▶ [Problem]
Every line of the listing belongs in your answer exactly as written; the images do not.

▶ [The input]
§ §

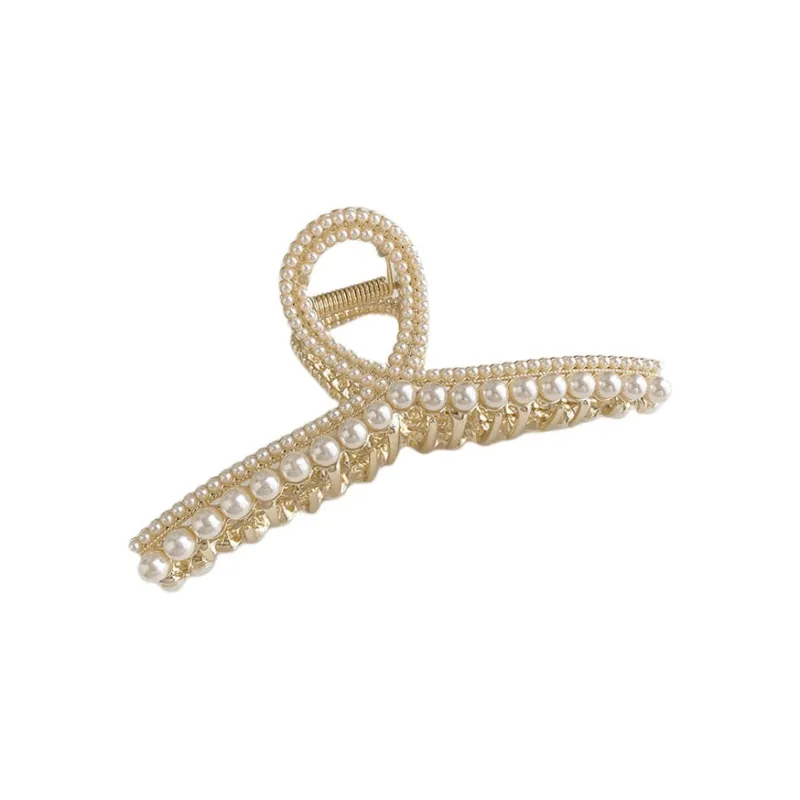 LACEROOM Hair Clips Women's-0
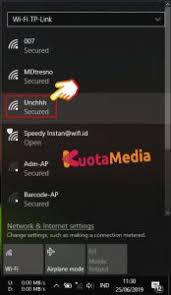 Teman yang menjadi aneh atau yang lain sebagainya maka di dalam diri kalian pasti ada rasa ingin tau yang besar sehingga tak jarang munculah rasa ingin menyadap hp android nya. 8 Cara Sadap Hack Mengetahui Password Wifi Di Android Iphone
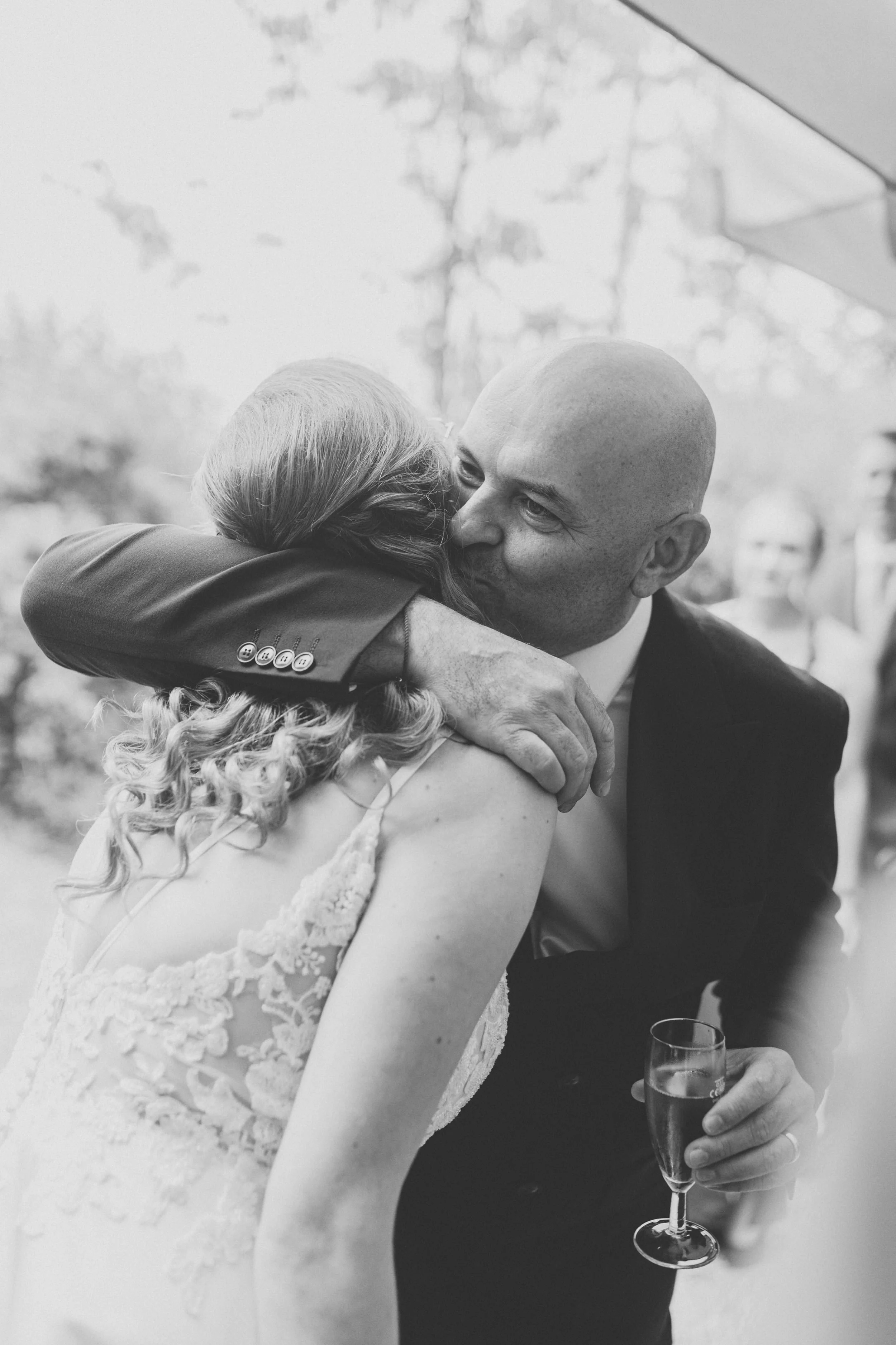 fuerth-hochzeitsfotografie-emotional (1).jpg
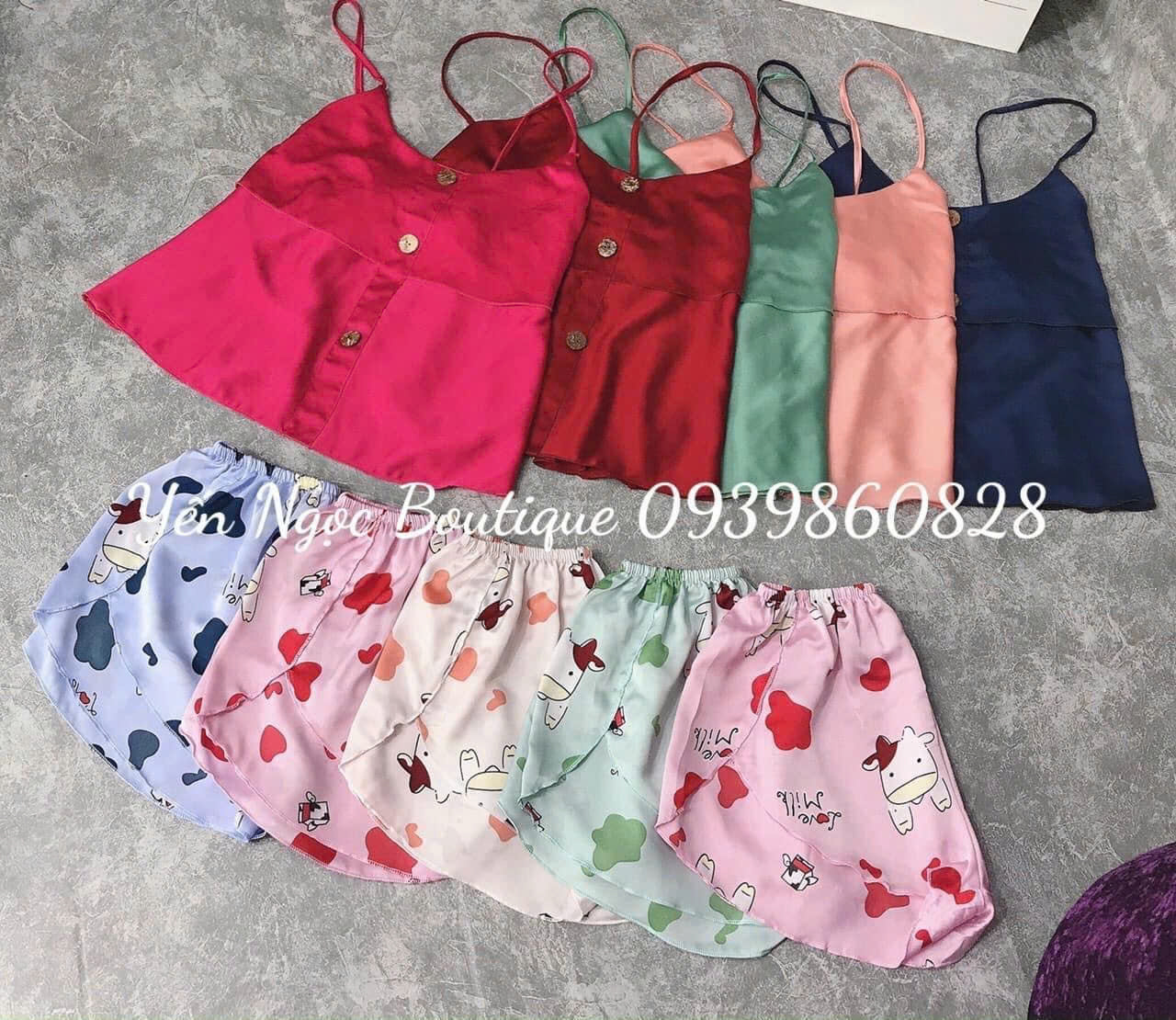 1788494325659_8275646493273252217_g2003657633476910958_4a2a9ac4130fbcecc6951ce3a2ed0629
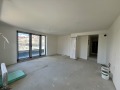 Продава 3-СТАЕН, град София, Лозенец • 380000 € / 743215.40 лв. • 37522437 9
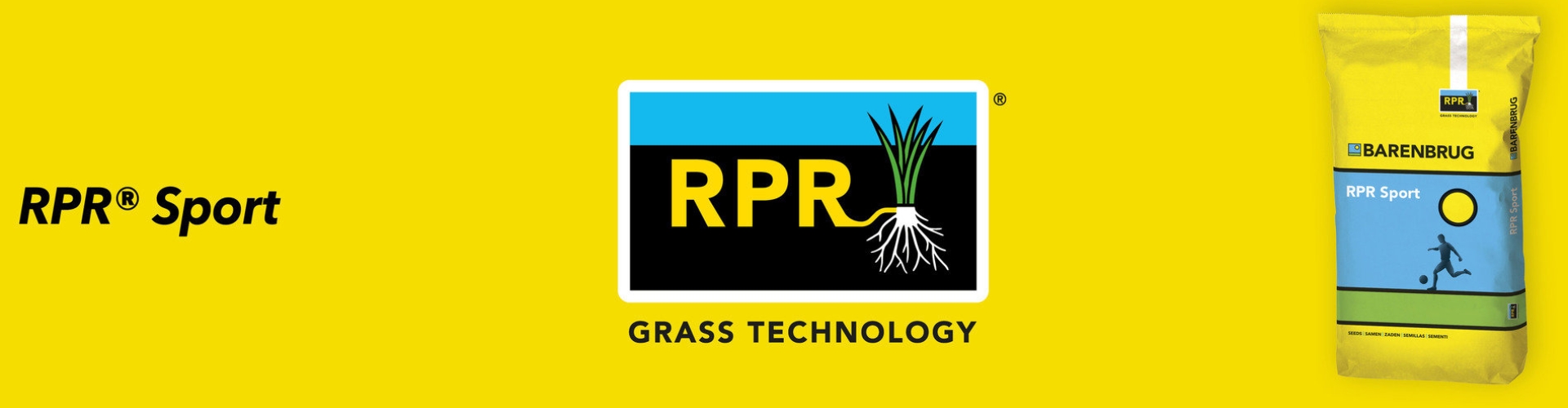 Header Sowing instructions RPRS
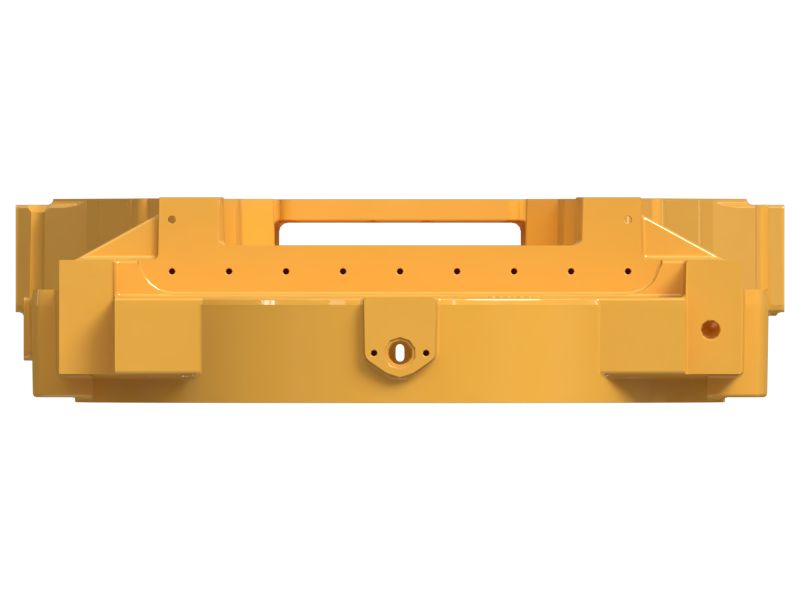 КОЖУХ В СБОРЕ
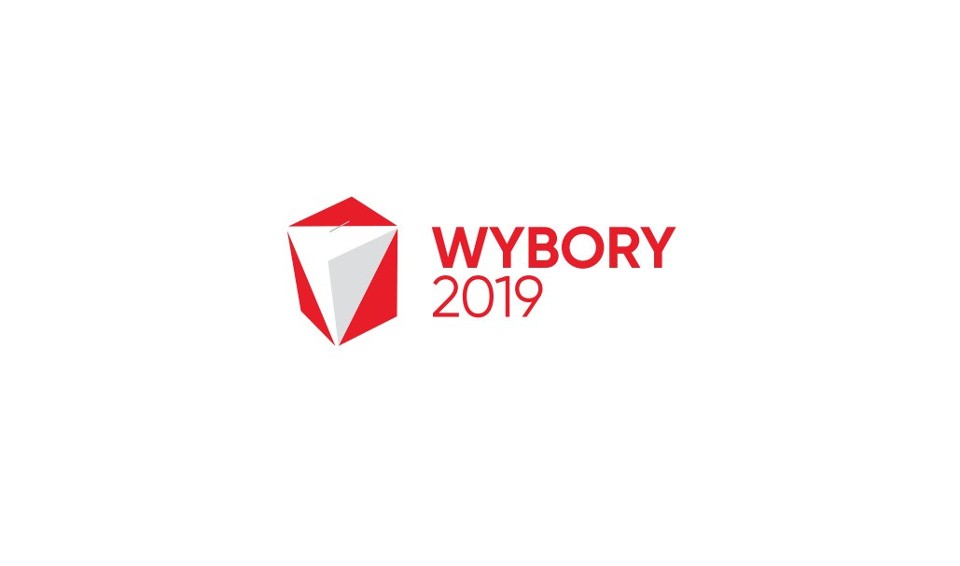 Wybory - zachęcamy do głosowania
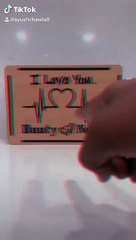 Customized Best Couple Gifts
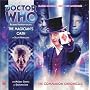 The Magician's Oath (Doctor Who: The Companion Chronicles)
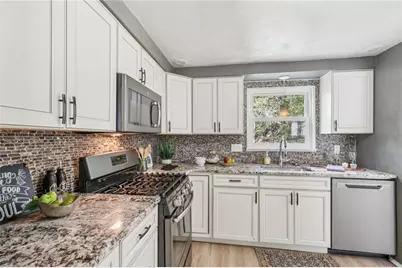 151 McIntyre Rd, Ross Twp, PA 15237 - Photo 10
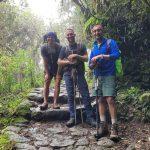 djuro grbic machu pichu 4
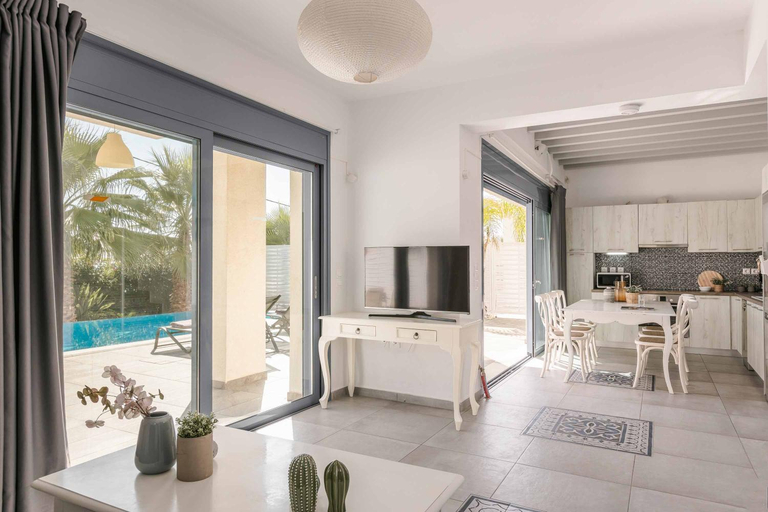 Others 5, Villa Starfish Skala, Ionian Islands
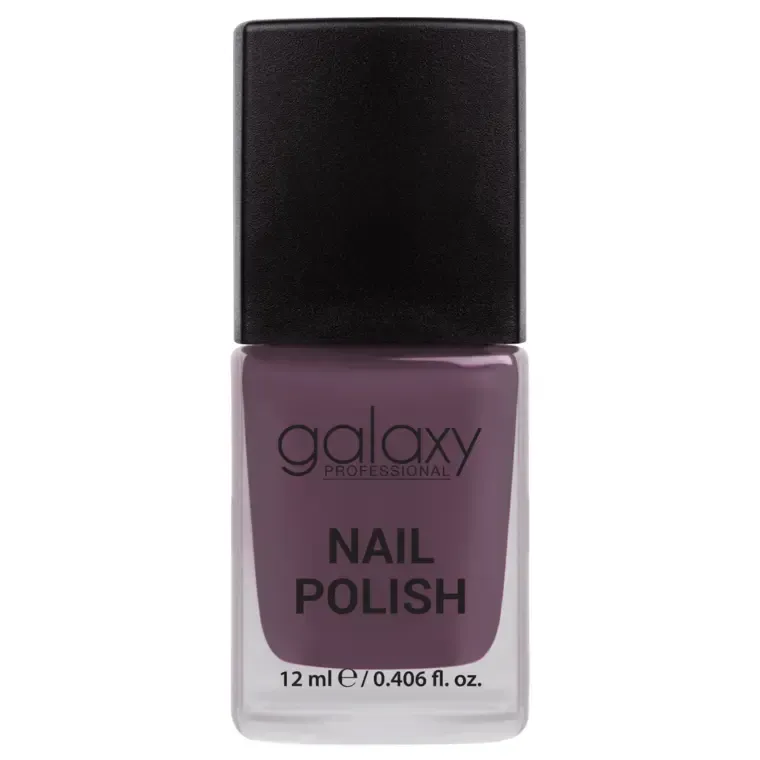 PURPLES - lak za nokte 12 ml — Wine Up — slika 1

§ §

▶ [Answer to this problem]
 LACEROOM Hair Clips Women's-0
 Teman yang menjadi aneh atau yang lain sebagainya maka di dalam diri kalian pasti ada rasa ingin tau yang besar sehingga tak jarang munculah rasa ingin menyadap hp android nya. 8 Cara Sadap Hack Mengetahui Password Wifi Di Android Iphone
 fuerth-hochzeitsfotografie-emotional (1).jpg
 1788494325659_8275646493273252217_g2003657633476910958_4a2a9ac4130fbcecc6951ce3a2ed0629
 Продава 3-СТАЕН, град София, Лозенец • 380000 € / 743215.40 лв. • 37522437 9
 Header Sowing instructions RPRS
 КОЖУХ В СБОРЕ
 Wybory - zachęcamy do głosowania
 Customized Best Couple Gifts
 The Magician's Oath (Doctor Who: The Companion Chronicles)
 151 McIntyre Rd, Ross Twp, PA 15237 - Photo 10
 djuro grbic machu pichu 4
 Others 5, Villa Starfish Skala, Ionian Islands
 PURPLES - lak za nokte 12 ml — Wine Up — slika 1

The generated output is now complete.